Records contained in a dataset:
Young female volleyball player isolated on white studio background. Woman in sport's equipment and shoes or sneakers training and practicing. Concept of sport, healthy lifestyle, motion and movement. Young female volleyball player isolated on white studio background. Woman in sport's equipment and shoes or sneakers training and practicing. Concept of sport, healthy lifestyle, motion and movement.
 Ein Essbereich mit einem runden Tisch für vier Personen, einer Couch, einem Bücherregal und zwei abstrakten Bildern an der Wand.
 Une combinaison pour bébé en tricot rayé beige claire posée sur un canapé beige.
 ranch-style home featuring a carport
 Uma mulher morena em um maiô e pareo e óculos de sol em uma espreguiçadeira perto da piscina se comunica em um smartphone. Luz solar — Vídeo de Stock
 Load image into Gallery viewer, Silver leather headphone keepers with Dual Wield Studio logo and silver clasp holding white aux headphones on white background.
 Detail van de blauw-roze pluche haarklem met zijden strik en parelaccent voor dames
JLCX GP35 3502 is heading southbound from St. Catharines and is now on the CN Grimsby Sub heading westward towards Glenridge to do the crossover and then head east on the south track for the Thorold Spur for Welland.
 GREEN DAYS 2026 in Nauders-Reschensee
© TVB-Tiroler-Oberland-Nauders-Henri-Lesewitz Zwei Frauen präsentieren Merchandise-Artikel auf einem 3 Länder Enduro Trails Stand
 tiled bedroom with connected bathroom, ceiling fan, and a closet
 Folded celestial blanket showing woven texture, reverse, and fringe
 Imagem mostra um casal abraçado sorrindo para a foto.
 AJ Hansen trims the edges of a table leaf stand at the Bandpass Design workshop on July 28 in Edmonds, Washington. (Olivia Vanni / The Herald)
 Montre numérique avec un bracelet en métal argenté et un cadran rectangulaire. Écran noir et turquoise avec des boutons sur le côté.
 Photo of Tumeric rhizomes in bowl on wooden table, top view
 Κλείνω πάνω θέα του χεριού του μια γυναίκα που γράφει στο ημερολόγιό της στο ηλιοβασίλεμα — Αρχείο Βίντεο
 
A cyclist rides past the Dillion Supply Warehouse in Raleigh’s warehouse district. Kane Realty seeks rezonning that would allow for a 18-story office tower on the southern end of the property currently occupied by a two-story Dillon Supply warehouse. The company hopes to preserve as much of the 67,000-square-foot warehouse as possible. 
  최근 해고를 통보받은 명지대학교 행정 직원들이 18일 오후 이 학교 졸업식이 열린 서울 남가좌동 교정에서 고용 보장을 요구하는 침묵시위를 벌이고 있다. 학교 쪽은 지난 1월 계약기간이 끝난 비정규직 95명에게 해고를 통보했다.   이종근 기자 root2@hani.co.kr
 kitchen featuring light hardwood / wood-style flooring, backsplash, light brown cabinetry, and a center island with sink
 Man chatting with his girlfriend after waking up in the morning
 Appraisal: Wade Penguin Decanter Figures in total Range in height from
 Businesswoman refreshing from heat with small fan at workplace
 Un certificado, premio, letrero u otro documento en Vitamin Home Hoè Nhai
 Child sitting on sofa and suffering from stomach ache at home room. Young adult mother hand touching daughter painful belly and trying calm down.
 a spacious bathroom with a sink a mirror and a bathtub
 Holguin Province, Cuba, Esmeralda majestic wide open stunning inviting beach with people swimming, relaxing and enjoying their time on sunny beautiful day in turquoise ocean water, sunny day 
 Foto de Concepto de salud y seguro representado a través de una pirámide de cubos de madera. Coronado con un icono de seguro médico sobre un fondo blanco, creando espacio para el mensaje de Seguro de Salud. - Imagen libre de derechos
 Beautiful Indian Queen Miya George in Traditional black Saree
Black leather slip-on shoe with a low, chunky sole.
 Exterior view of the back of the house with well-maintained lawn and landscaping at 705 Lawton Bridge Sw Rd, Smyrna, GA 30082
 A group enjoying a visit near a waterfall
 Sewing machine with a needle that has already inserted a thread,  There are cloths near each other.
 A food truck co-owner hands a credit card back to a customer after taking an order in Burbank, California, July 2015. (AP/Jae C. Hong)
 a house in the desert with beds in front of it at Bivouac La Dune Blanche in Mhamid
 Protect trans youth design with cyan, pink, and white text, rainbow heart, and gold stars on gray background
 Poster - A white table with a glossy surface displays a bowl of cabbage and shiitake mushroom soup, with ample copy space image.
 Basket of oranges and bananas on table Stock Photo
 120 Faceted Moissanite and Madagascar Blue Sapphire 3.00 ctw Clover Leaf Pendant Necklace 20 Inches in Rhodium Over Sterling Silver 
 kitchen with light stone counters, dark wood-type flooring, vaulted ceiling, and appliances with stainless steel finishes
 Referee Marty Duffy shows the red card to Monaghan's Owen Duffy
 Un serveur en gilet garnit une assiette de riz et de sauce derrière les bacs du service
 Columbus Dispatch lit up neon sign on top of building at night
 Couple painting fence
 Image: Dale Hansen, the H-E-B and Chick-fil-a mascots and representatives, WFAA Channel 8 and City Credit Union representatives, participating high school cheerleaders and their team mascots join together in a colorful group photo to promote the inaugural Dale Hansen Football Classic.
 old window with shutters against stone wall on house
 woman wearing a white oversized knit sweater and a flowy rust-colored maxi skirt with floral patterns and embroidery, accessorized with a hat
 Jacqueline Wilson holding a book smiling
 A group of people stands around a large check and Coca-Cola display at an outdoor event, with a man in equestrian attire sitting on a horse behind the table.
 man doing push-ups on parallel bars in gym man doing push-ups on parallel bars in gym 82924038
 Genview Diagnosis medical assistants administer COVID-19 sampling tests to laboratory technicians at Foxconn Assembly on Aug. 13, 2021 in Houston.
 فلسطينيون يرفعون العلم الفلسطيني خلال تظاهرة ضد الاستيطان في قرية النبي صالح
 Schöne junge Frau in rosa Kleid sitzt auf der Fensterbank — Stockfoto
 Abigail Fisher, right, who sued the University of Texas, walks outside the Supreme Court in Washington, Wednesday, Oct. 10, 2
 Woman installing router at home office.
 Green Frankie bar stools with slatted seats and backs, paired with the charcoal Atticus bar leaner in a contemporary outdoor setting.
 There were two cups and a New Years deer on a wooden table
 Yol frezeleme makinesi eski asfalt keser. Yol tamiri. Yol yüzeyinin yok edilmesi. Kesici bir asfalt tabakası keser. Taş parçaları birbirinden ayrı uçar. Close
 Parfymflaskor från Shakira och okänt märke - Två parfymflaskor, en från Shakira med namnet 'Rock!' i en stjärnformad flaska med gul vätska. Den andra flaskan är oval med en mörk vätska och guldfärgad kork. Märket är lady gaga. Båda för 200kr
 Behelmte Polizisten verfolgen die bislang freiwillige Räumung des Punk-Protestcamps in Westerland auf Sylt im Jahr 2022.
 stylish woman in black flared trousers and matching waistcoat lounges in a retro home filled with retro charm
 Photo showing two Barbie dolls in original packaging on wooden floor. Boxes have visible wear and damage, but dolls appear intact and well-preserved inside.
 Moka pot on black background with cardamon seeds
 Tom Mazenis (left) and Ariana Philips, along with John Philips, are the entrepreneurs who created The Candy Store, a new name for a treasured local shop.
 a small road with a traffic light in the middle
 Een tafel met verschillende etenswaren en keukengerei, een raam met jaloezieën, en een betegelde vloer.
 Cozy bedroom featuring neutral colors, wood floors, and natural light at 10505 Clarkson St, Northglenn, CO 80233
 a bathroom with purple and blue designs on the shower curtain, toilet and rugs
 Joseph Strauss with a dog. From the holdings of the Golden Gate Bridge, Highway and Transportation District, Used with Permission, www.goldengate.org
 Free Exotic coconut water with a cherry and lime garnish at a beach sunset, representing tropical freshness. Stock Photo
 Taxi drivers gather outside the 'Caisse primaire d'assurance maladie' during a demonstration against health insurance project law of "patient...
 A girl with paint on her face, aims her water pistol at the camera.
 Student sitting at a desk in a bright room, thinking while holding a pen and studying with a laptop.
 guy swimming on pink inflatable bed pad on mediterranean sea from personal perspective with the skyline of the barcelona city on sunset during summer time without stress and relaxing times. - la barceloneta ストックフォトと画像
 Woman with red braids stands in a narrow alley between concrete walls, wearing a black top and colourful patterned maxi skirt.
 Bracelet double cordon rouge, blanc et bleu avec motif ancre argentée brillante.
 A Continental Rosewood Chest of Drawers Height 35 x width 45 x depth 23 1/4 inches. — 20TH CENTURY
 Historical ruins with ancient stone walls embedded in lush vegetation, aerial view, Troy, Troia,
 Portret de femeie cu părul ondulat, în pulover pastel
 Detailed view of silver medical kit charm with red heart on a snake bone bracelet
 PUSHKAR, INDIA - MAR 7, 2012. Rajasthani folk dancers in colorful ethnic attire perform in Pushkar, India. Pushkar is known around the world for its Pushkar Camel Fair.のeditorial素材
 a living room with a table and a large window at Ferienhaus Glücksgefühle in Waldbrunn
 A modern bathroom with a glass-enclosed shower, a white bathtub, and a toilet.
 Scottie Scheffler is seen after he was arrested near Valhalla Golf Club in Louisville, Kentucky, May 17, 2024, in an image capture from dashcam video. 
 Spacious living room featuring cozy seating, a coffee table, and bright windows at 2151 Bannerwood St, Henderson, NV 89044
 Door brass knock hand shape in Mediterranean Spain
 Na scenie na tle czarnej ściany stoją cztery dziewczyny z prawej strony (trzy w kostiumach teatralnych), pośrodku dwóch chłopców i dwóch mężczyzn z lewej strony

# Task description
From the entries above, restate word for word the lines from the line containing "Cozy bedroom featuring" to the line containing "Joseph Strauss with", both ends included, and nothing more.

# Result for this exercise
 Cozy bedroom featuring neutral colors, wood floors, and natural light at 10505 Clarkson St, Northglenn, CO 80233
 a bathroom with purple and blue designs on the shower curtain, toilet and rugs
 Joseph Strauss with a dog. From the holdings of the Golden Gate Bridge, Highway and Transportation District, Used with Permission, www.goldengate.org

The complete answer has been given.